Despite massive volatility in the Dow Jones, massive foreclosures, and plummeting housing prices & starts in the US, the Vancouver market has not budged an inch. Again, I don't claim that we're immune. I don't claim the the mountains and the water will protect us from volatility. I simply say that the doom and gloom south of the border hasn't affected us one bit. I think it's safe to say that the American boom this decade has played little role in our local real estate market, and will not cause our demise in the short term.

Asian stock markets collapsing?

Collapsing? The HKSE is up %250 in the past 5 years. Singapore up %250 in 5 years.
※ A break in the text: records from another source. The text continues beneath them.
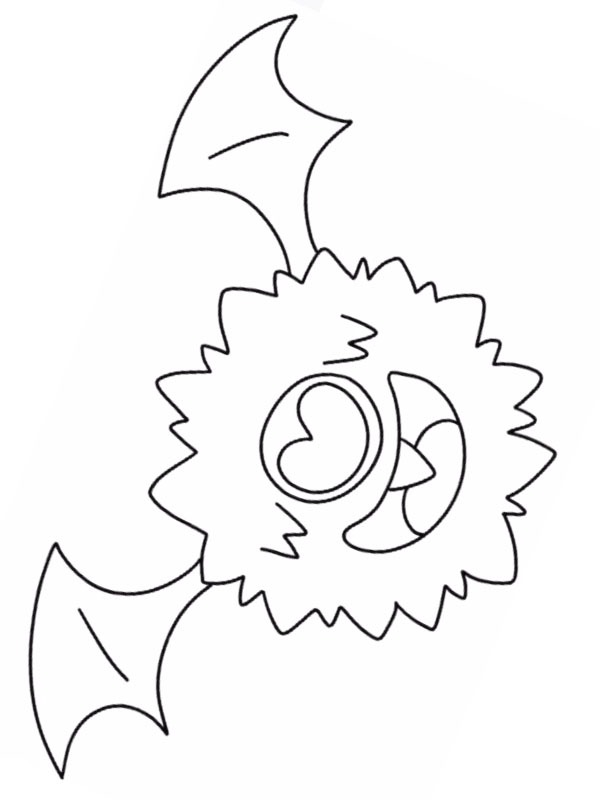 Woobat (Pokémon) Desenho para Colorir Woobat (Pokémon) Desenho para Colorir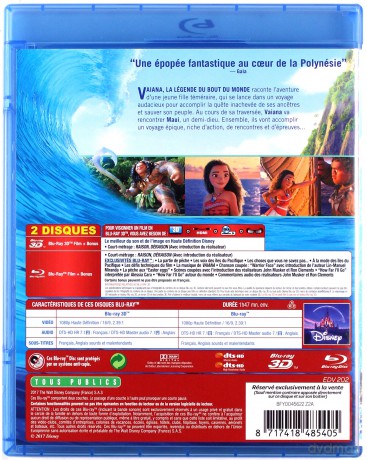 Moana (Vaiana: Skarb oceanu) (Disney) [Blu-Ray 3D]+[Blu-Ray]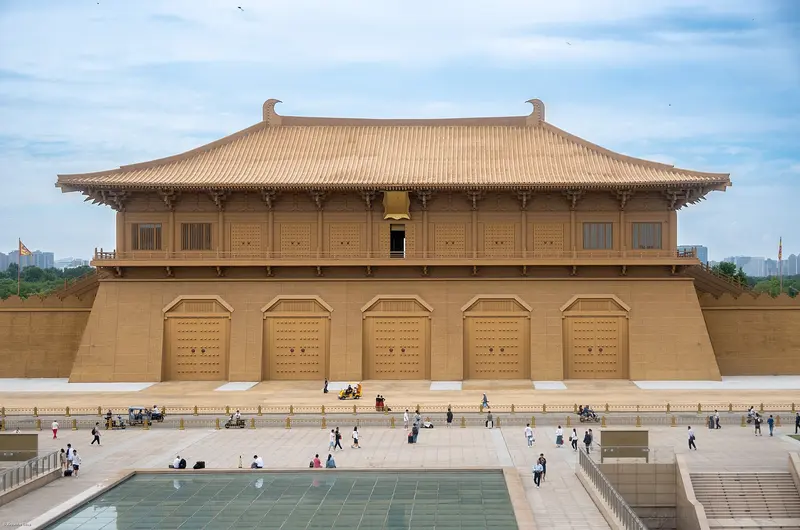 Danfeng Gate, Daming Palace National Heritage Park: a protective display structure built over the Tang gate site, not the Tang original (2024)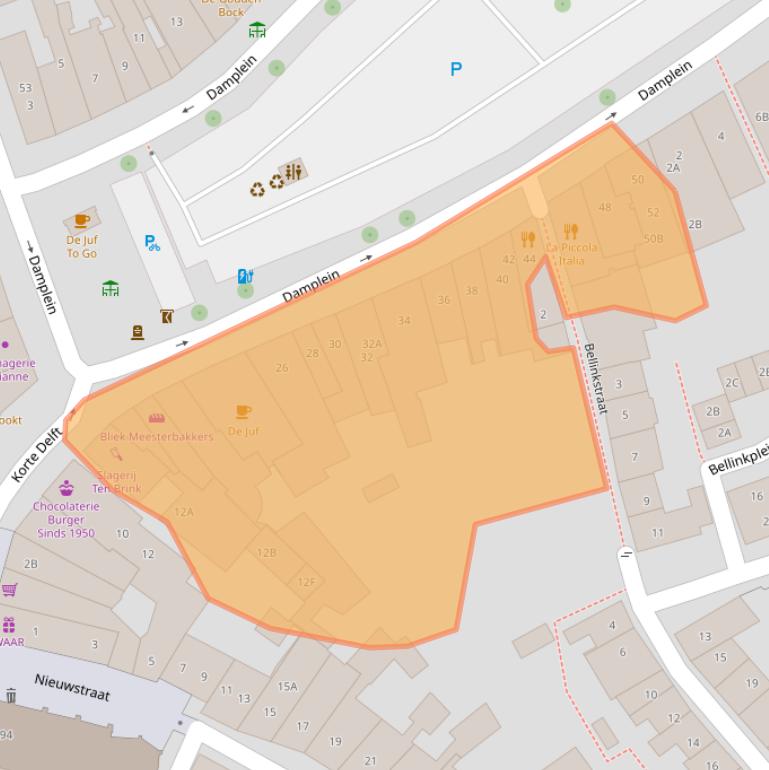 Kaart van postcodegebied 4331GD.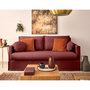 Voir la diapositive 1 : LISA DESIGN Serena - canapé droit déhoussable 3 places en velours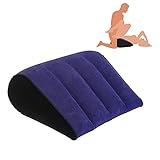 Dulexo Sex Lumbar Cushion/Pillow with Triangle, Foldable, Without Hole, Sex Toy for Couples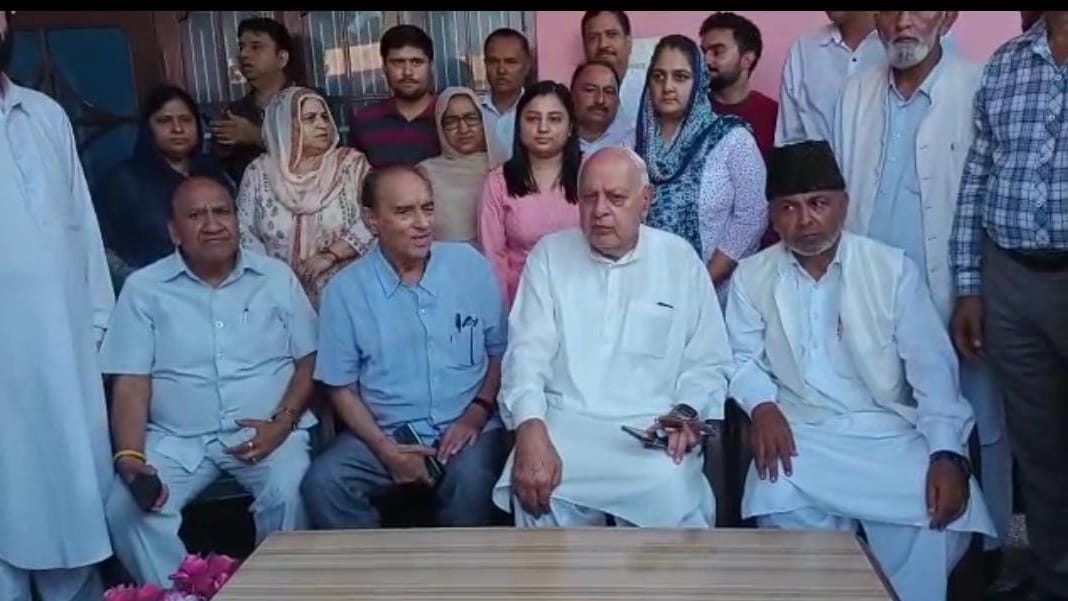 nc leader Farooq Abdullah speaks on target killing in kashmir during reasi visit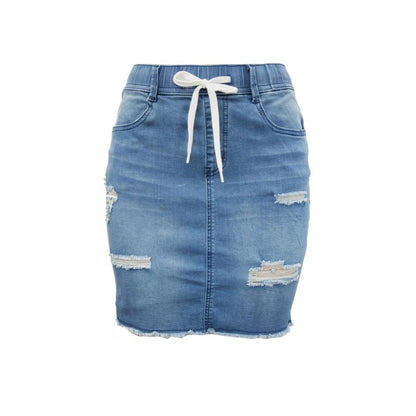 Ripped denim skirt apparel & accessories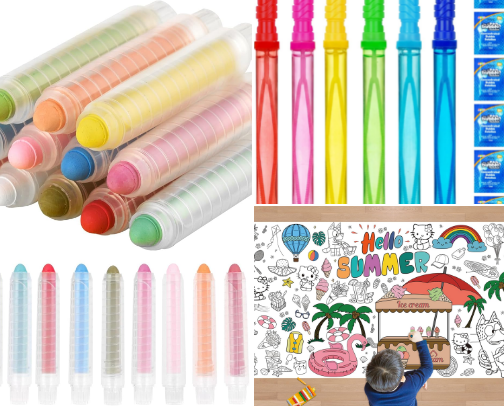 Summer fun for kids! cover photo collage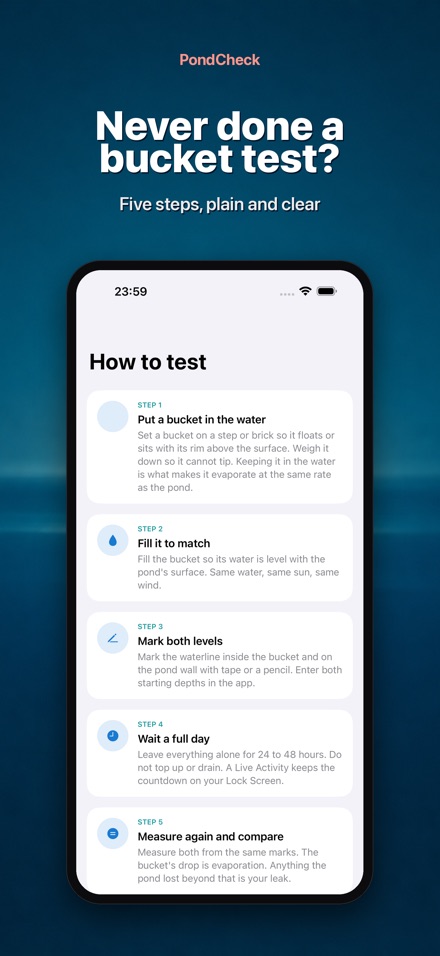 PondCheck: Pool Leak Test 9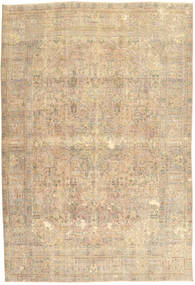 Colored Vintage Rug 198X292 Authentic
 Modern Handknotted Light Brown/Dark Beige (Wool, Persia/Iran)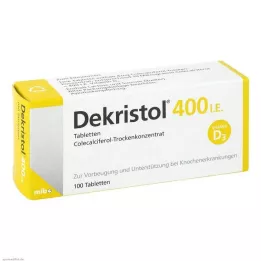 DEKRISTOL 400 compresse I.E., 100 pz
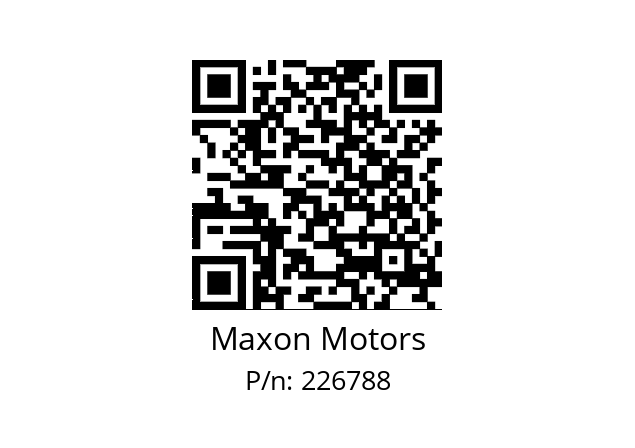   Maxon Motors 226788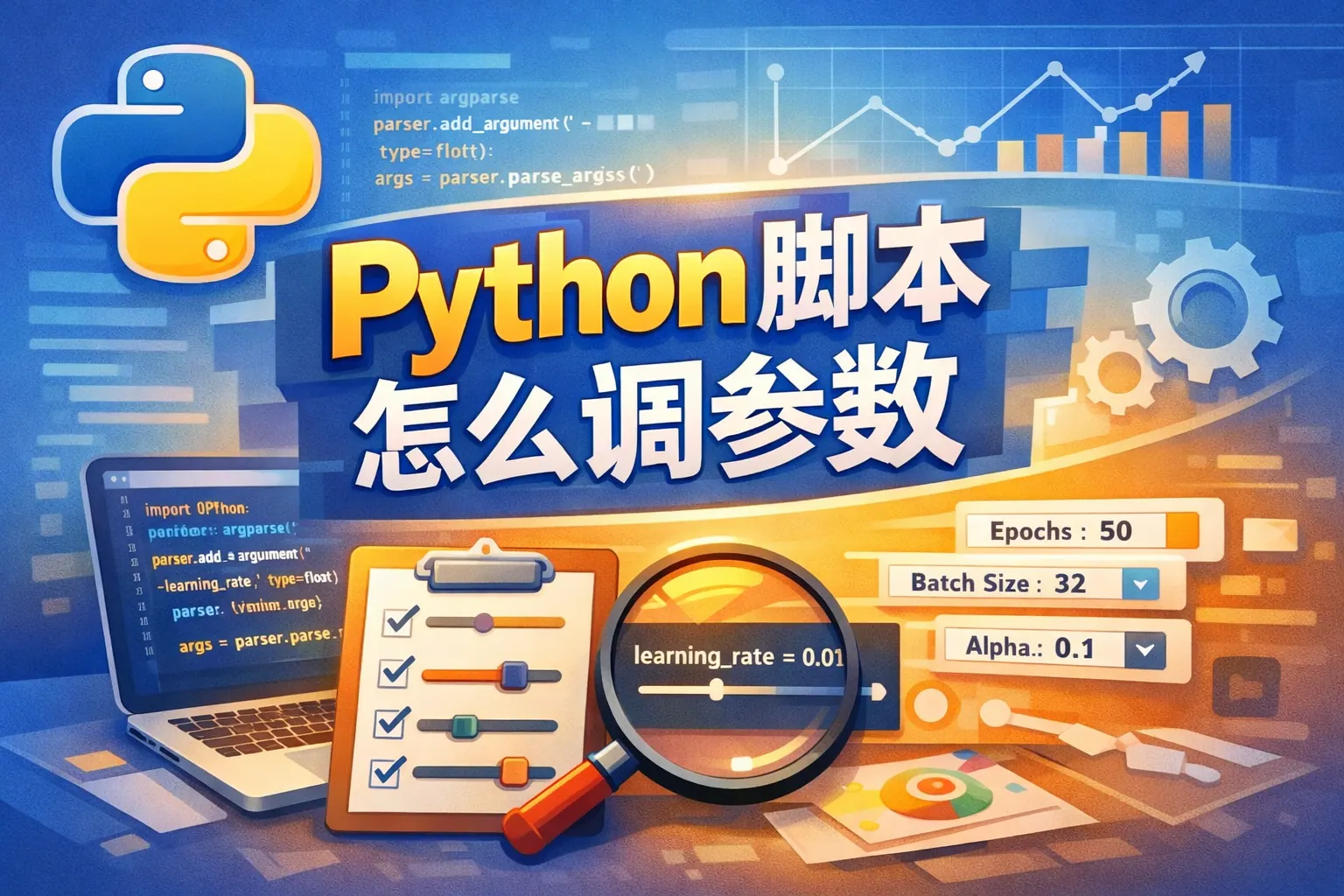 python脚本怎么调参数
CSI300 up over %400 over 5 years. Bottom line: Asia is rich. Asia has money to spend. Asians like Vancouver. (believe, me, i'm Asian)

European stock markets collapsing?

Really? FTSE100. May 2003: 4000. Today: 6000

DaMann said...

Ha Ha! So that fact that stock markets did well over the last 5 years means that any losses now are irrelivant? So the markets could drop 20% overnight and that wouldn't be a crash cause they are up 250% over the last 5 years? Wow great logic. That's akin to saying if the Van RE market dropeed 40% this year it wouldn't be a crash cause it went up 100% in 5 years.

Calgary, Edmonton is dropping like a rock, all of the US is dropping. UK dropping. Seattle was one of the last hold outs in the US market, it is now year over year negative. How on earth can you think we are immune?
It's just a bubble, nothing more, nothing less.It's not the greatest place on earth, Olympics were priced in 3 years ago.

It's all psycology, there isn't that much real demand to live here, you are confusing it with speculative demand. Once the appreciation stops, the specualtors will dump and run and it will all fall appart. It' estimated that 50% of the condos baught in the last 2-3 years are speculators. That's not demand to live here, it's bubble demand

There is no economy here outside of building and selling RE. Movie industry is well on it's way to being toast, tourism? Not much going on with our dollar higher than the yanks. Forestry? castrated!

I have the feeling you haven't lived in Vancouver very long, the only reason I say that is thet Vancouver is notorious for being a boom and bust town.

Why do people have such short memories I will never figure out. As soon as an economy booms they totally forget about recessions and think it's all rosy forever. RE is just like economies in general, they work in cycles and ALWAYS ALWAYS adhere to market fundamentals, always. People tried the "it's a new pardigm" "new age" with the tech boom,we all know waht happened there, fundamentals took over.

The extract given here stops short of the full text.